Types of Bankruptcy

Chapter 7:

Straight bankruptcy designed to give an individual a quick fresh start. The vast majority of individuals that file Chapter 7 keep all of their property, including homes and vehicles. Generally, no payments are made to the bankruptcy court or to creditors.

Chapter 13:

The court may order creditors to accept, over time, a monthly payment of whatever a person can afford to pay towards his bills. One monthly payment is made to a bankruptcy trustee who distributes money to your creditors. Each case is different, but, there is generally no requirement that this payment is enough to pay all or even a significant percentage of your old bills. Instead, many people have a total monthly payment of as little as $100 per month. The monthly payment is most often made for 3 years and cannot be any longer than 5 years. Once the payments are completed, the unpaid balance of most debts is discharged – even if the bill hasn’t been paid.

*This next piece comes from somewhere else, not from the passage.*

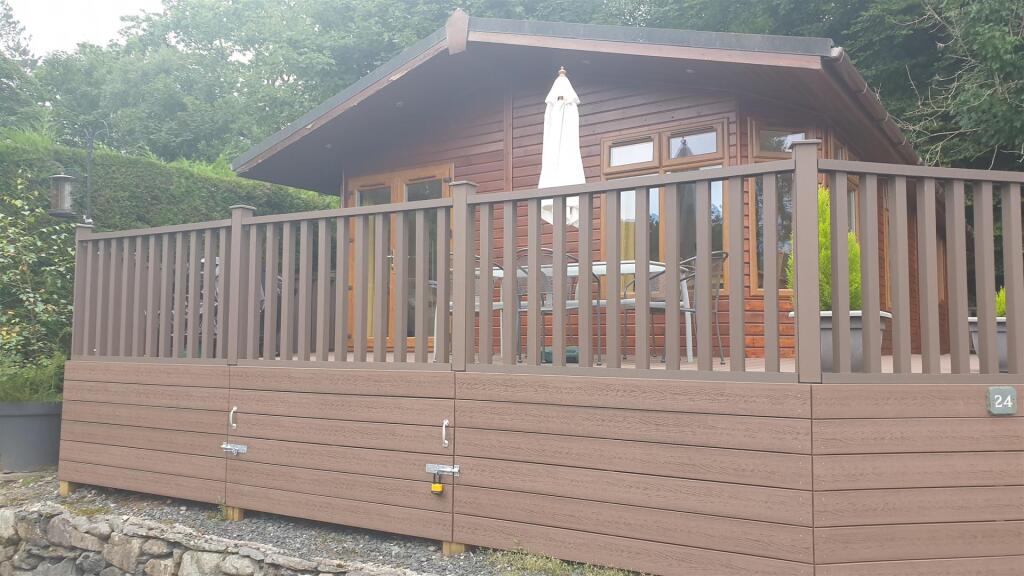 Main image of property: White Cross Bay Holiday Park, Ambleside Road Troutbeck Bridge, Windermere, Cumbria, LA23 1LF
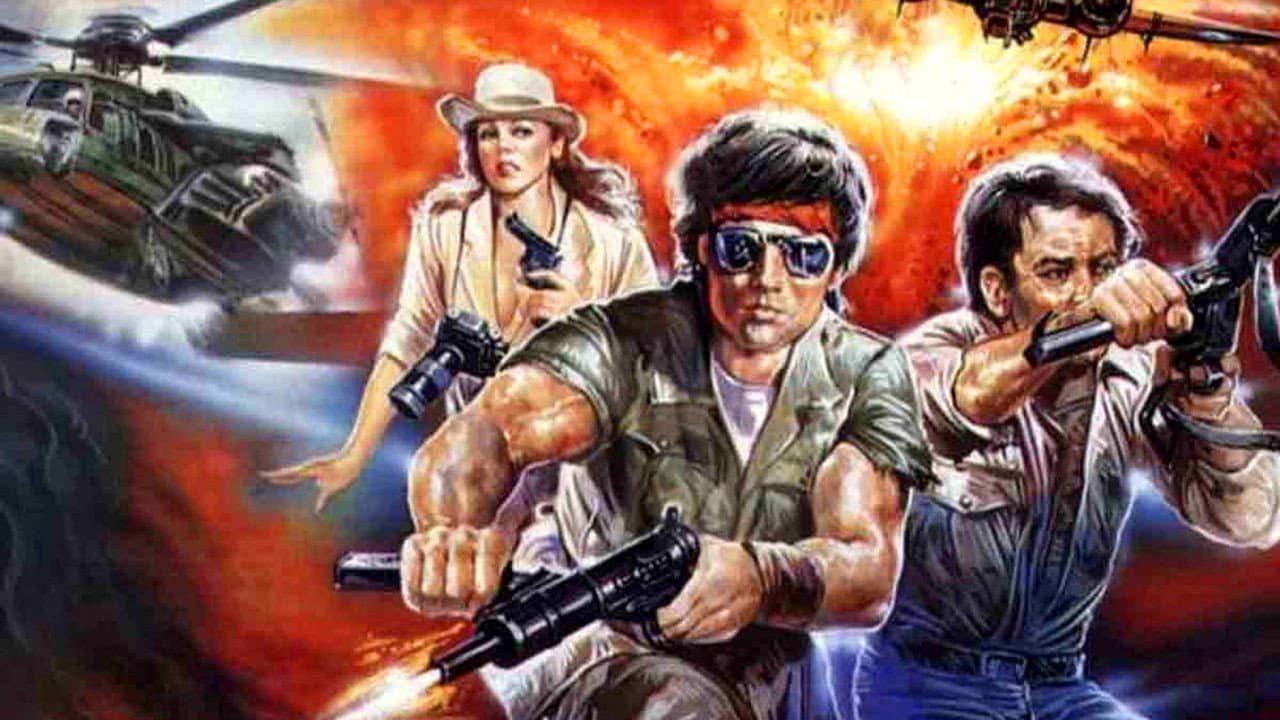 Backdrop – Mercenari dell'apocalisse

In some situations, Chapter 13 can provide benefits that are not available in a Chapter 7. For example, it may be possible to use this chapter: to catch-up a mortgage that is in foreclosure, to eliminate a second or third mortgage, or to restructure a vehicle loan.

Chapter 11:

A complex form of bankruptcy that is most frequently used by businesses.

Chapter 12:

A rare form of bankruptcy that is only available to farmers and fisherman.